'''

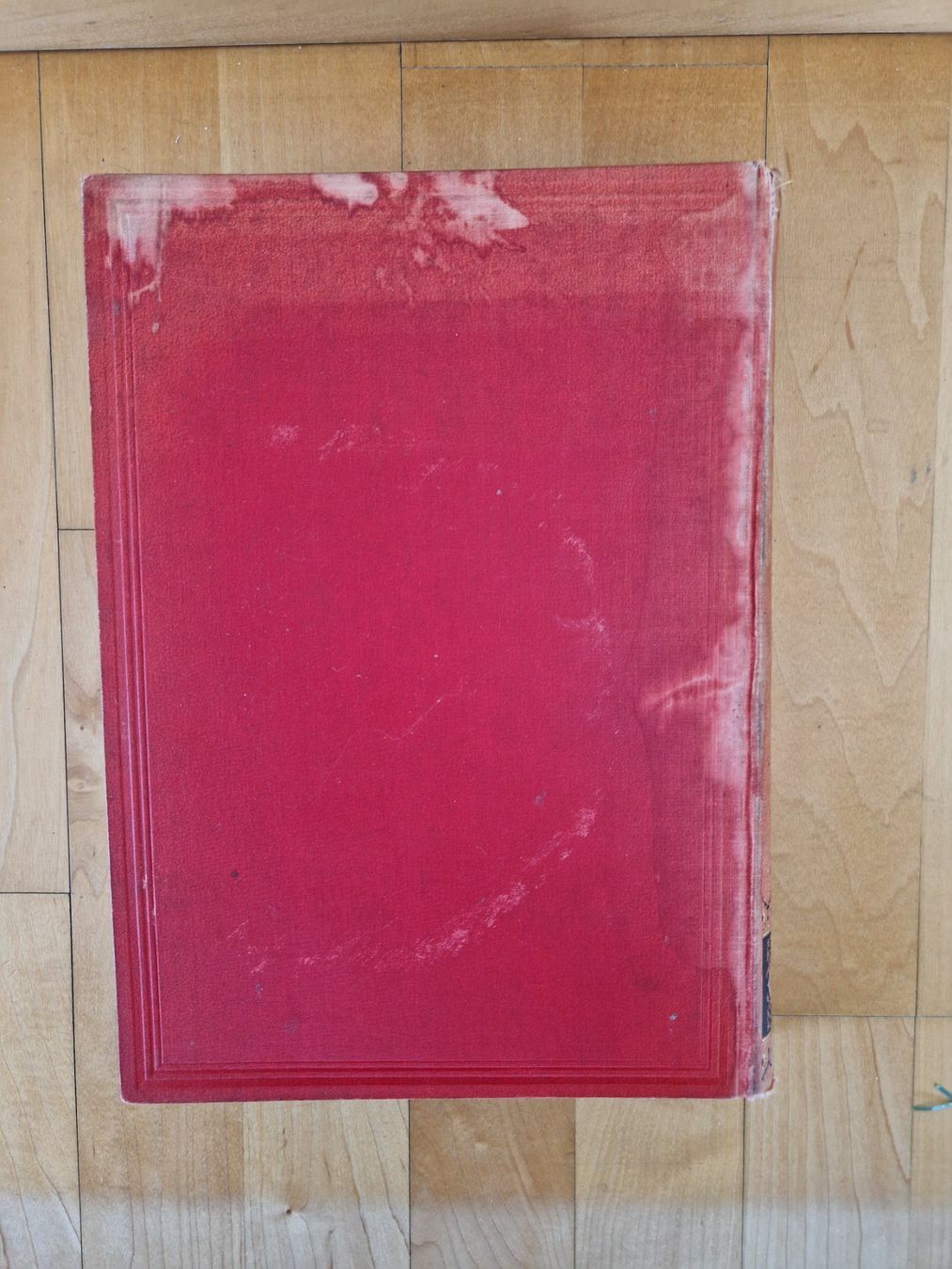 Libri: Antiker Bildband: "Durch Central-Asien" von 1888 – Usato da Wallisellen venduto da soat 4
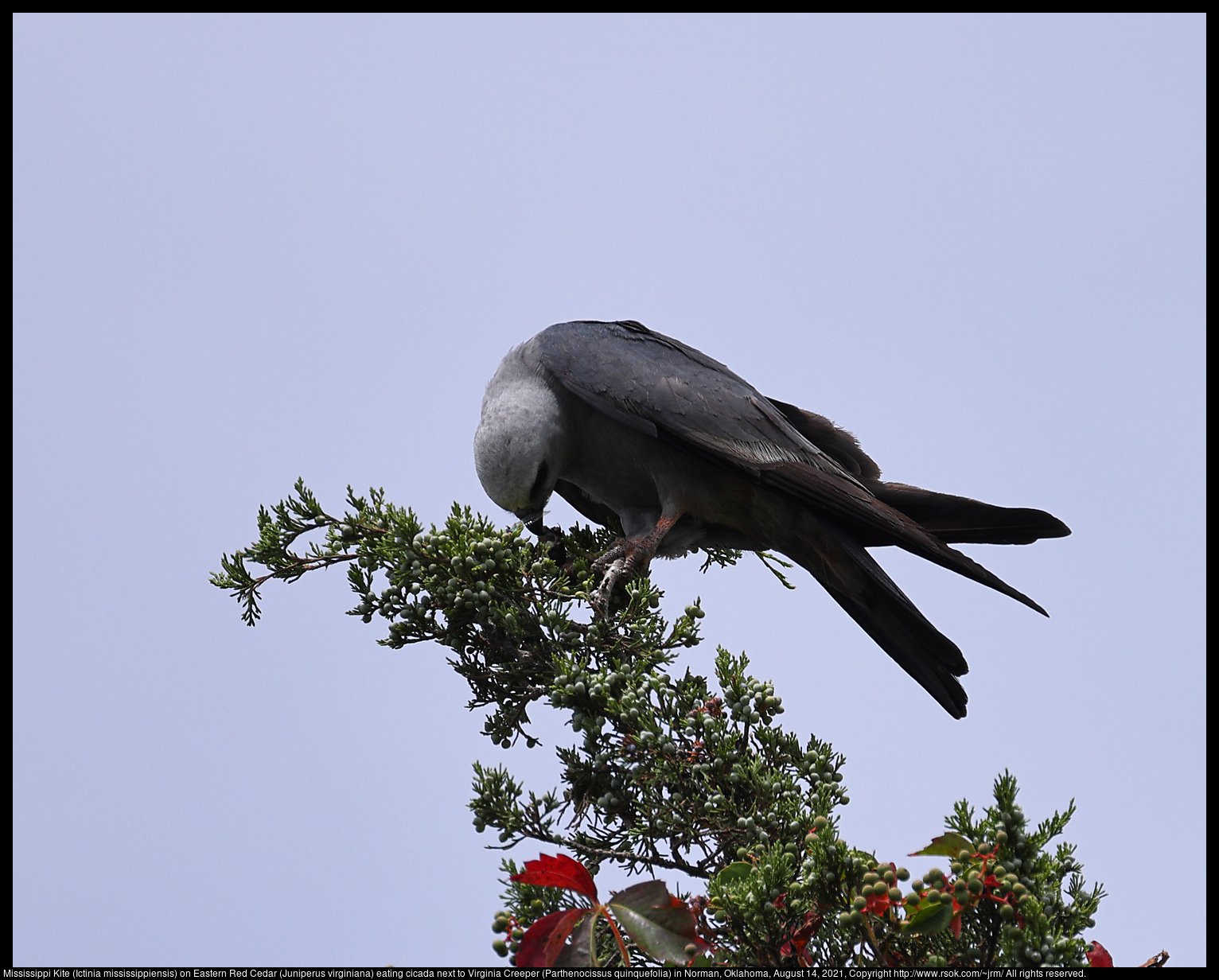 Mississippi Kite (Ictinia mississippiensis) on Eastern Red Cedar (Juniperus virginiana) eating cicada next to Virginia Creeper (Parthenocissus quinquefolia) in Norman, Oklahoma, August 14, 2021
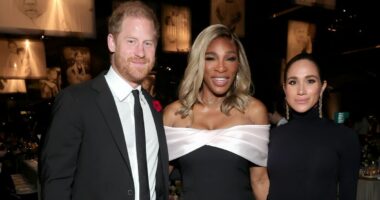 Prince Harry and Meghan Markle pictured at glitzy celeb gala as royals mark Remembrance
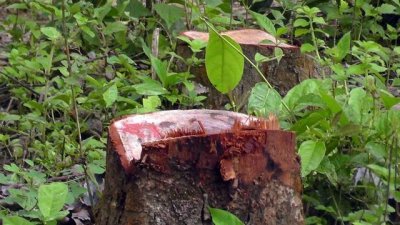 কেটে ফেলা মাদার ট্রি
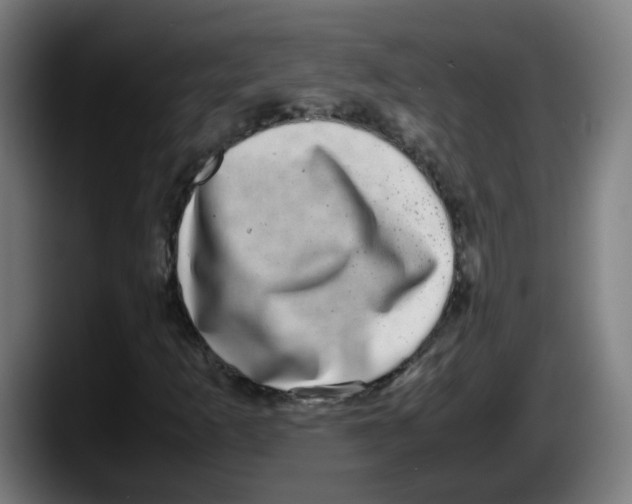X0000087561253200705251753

'''
'''

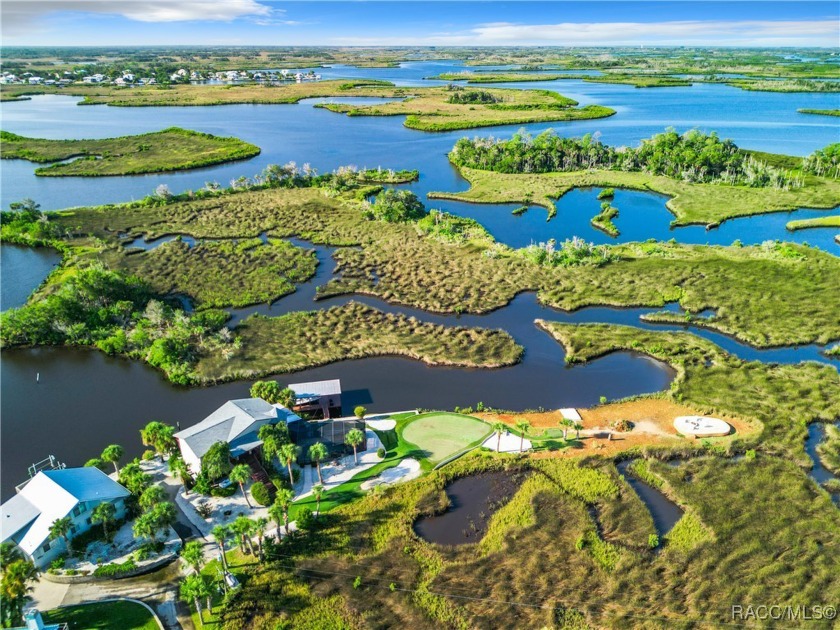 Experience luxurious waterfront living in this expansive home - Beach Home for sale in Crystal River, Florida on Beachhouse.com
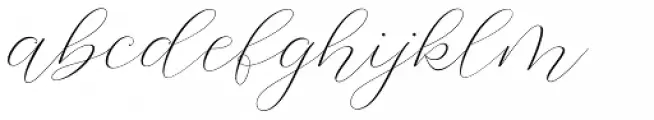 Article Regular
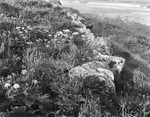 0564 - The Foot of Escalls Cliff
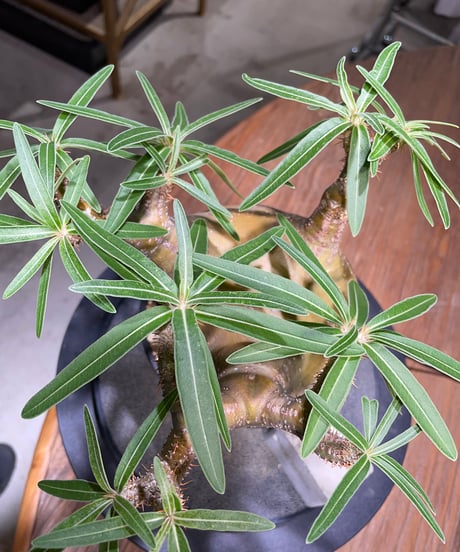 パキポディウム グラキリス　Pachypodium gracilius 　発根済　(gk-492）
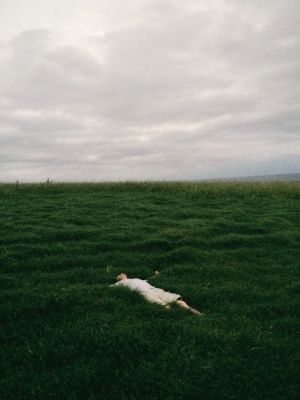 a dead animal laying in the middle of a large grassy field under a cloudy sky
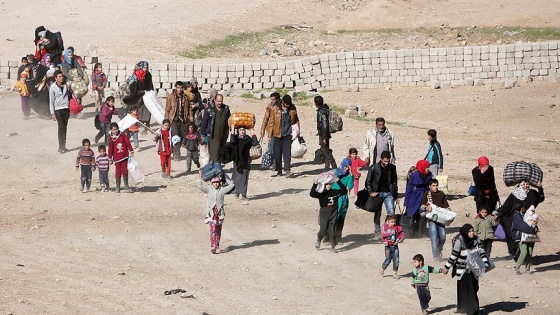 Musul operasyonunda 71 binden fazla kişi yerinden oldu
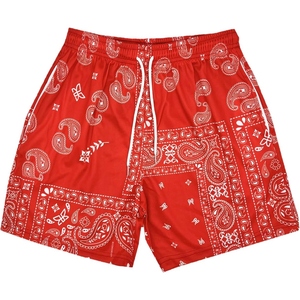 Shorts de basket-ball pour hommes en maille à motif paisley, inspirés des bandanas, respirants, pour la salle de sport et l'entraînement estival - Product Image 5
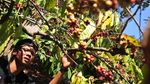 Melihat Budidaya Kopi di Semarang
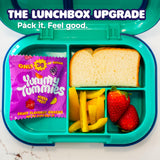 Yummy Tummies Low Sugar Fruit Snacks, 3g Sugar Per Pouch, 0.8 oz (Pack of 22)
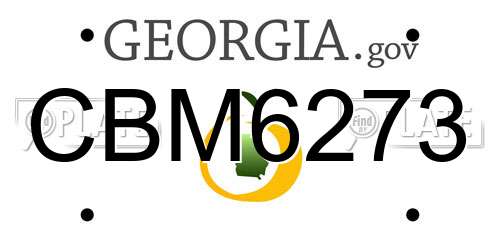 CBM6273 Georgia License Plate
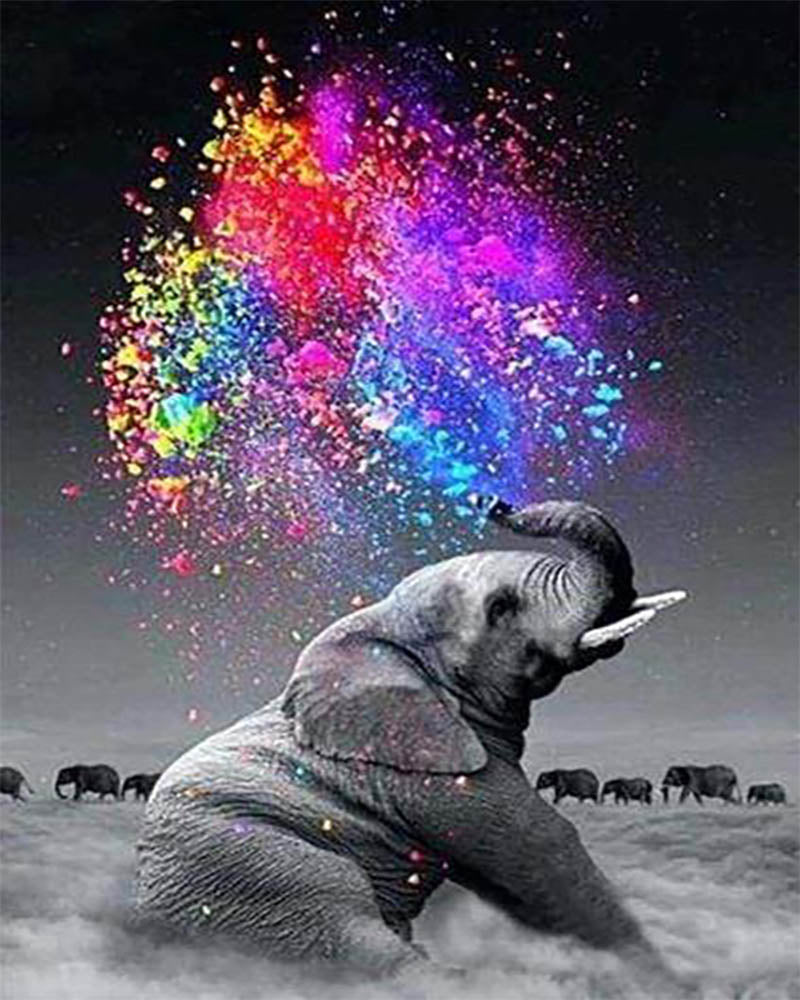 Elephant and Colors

'''
'''

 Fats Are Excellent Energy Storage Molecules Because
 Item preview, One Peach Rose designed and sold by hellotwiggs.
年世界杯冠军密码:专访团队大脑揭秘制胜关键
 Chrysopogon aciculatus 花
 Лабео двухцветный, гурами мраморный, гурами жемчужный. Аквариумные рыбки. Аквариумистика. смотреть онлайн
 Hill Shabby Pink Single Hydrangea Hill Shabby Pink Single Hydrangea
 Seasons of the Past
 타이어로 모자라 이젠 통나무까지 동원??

'''

• Action item: Print exactly the lines above that run from the one with "venduto da soat 4" down to the one with "X0000087561253200705251753", and omit the pictures.

• Task result:
 Libri: Antiker Bildband: "Durch Central-Asien" von 1888 – Usato da Wallisellen venduto da soat 4
 Mississippi Kite (Ictinia mississippiensis) on Eastern Red Cedar (Juniperus virginiana) eating cicada next to Virginia Creeper (Parthenocissus quinquefolia) in Norman, Oklahoma, August 14, 2021
 Prince Harry and Meghan Markle pictured at glitzy celeb gala as royals mark Remembrance
 কেটে ফেলা মাদার ট্রি
X0000087561253200705251753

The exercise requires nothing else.